Abrigo do Tejo: “A vida é bela”
No Lar Abrigo do Tejo, na Moita, o jantar é servido às seis da tarde. Melitina Canelas vai distribuindo a refeição a todos, com a medicação obrigatória. Trabalha no Lar há oito anos depois de ter cuidado até à morte da avó, da mãe e do irmão. “Depois disso decidi tratar o curso de geriatria e fazer disto profissão. Para tratar de idosos é preciso sermos muito humanos, acima de tudo. Depois ter muita paciência, claro. É um trabalho muito cansativo, tanto ao nível físico, como psicológico. Mas adoro o que faço”. Antes de trabalhar no Abrigo do Tejo, Tina já tinha a componente prática aliada à teórica. O seu profissionalismo é reconhecido carinhosamente pelos utentes. “Temos de compensar os afectos que muitos não têm. Há familiares que nunca aparecem”. Antes de apanhar o “autocarro das nove”, Tina desdobra-se em viagens desde o salão de refeições até aos quartos. Há que começar a deitar os mais dependentes. Tina despe-os, troca-lhes a fralda, veste-lhe os pijamas, retira-lhes as placas dentárias. Antes de apagar a luz, há ainda tempo para um beijinho de boa noite. “Dorme bem, Manel”.
Virgínia Carrasquinha já está pronta para se enfiar na cama. Quem a vê não lhe dá os 82 anos que o bilhete de identidade lhe confere. É totalmente independente e não precisa que a mandem dormir. “Isto é muito mau de gramar. Mal de quem venha parar a um sítio destes”, conta com a tristeza estampada no rosto. “Prefiro estar aqui sozinha no meu quarto, do que lá dentro na sala. Lá está quase tudo maluco”. Virgínia passou pelo drama de perder um peito devido a um tumor. Depois do cancro, a morte do marido. Aí o filho não a quis sozinha. A palavra “lar” sempre a assustou, mas há dois meses passou a fazer parte do seu quotidiano. “Passo noites a chorar, com saudades do meu filho e netinhos. E sabe, a nossa casa é a nossa casa”.
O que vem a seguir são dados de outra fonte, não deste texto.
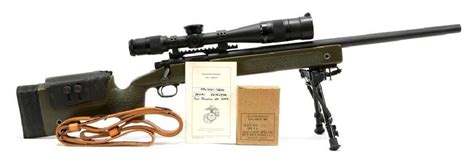 Us Remington Usmc Pws M40a3 308 Win Sniper Rifle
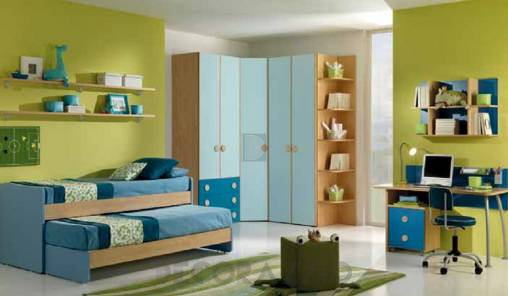 Комплект в детскую Imab Group Max Young - Im.Gr50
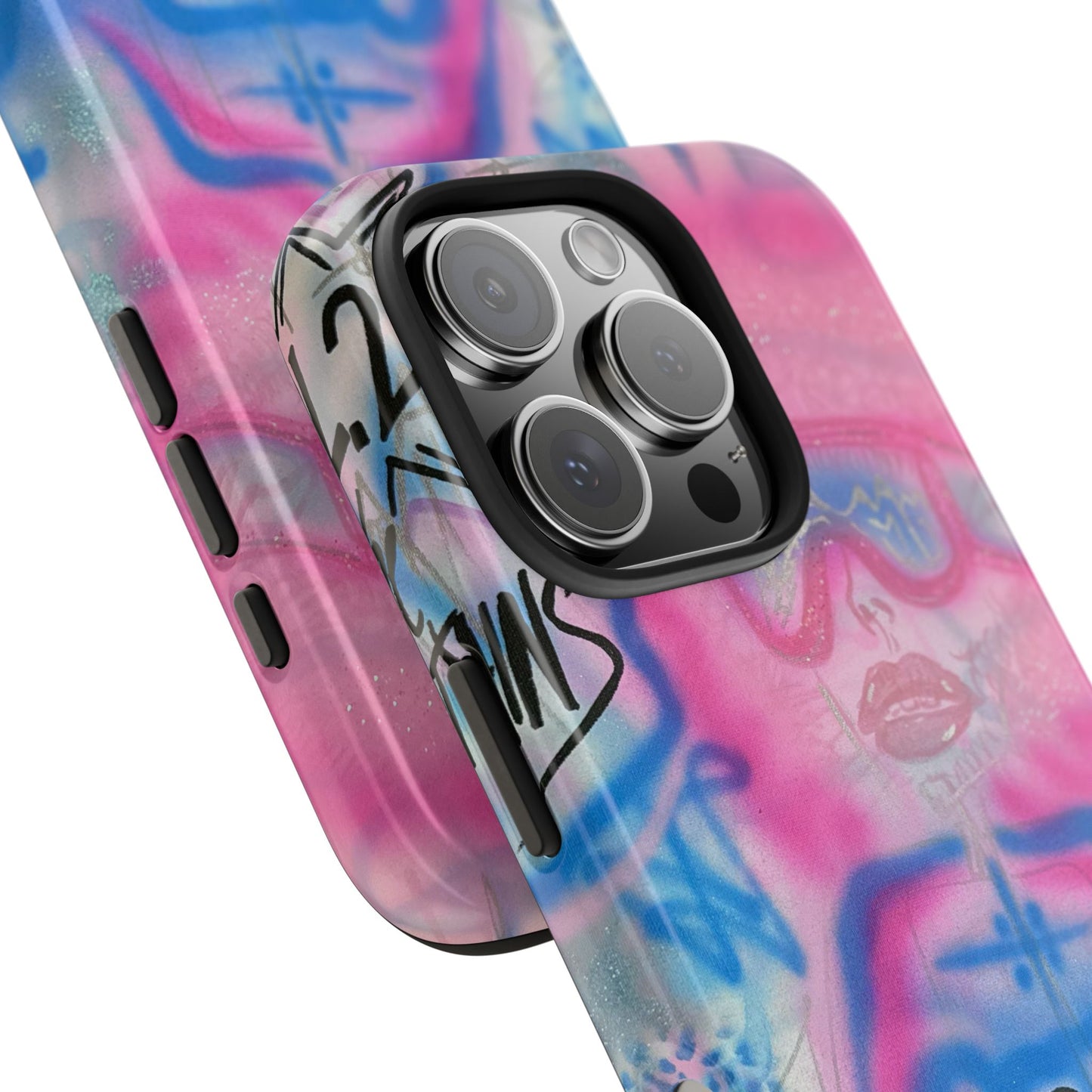 "aspen aspirations" airbrush iPhone case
No quarto ao lado, a confirmação que o amor não escolhe idades. Nem fronteiras. Adelaide Ferreira e José Valente conheceram-se no Lar e quis o destino que aqui vivessem o grande amor das suas vidas. “Pedimos namoro um ao outro, foi espontâneo”, conta Adelaide, 86 anos. “Nós é que temos de fazer a felicidade, com a ajuda de Deus. Não desconsidero ninguém, mas não há pessoa aqui mais feliz que eu”. José Valente deixa-a falar, com a cumplicidade de quem ama, de quem não precisa de acrescentar nada para dizer o mesmo. “Às vezes custa-me que as pessoas não saibam que a vida é tão bela”, graceja Adelaide. “Sou feliz em todo o lado, não me falta nada”.
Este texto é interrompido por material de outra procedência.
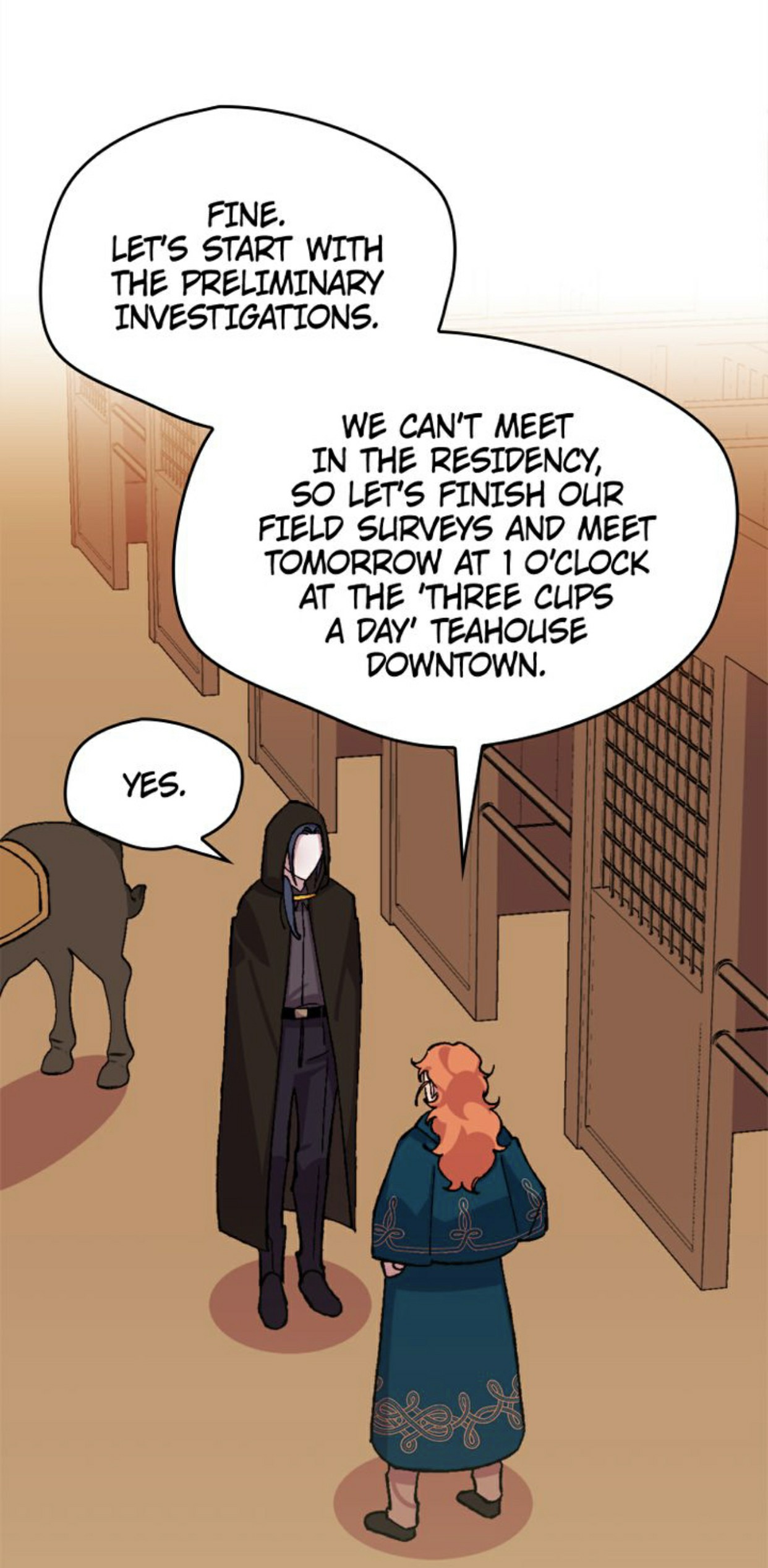 I’ll Save a Decent Family Chapter 48 - Page 41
Amanhã a rotina repete-se. Os dias passam iguais. O relógio não pára. Lucindo andará de um lado para o outro nos frios e desconfortáveis corredores. Ele e todos só têm uma certeza: “uma pessoa está aqui é para morrer”. Todos tiveram vidas diferentes. Todos sorriram, sofreram e amaram. Mas todos, sem excepção, sabem que um dia tudo acaba. Tal como nos filmes, surgirão no ecrã as palavras “The End”.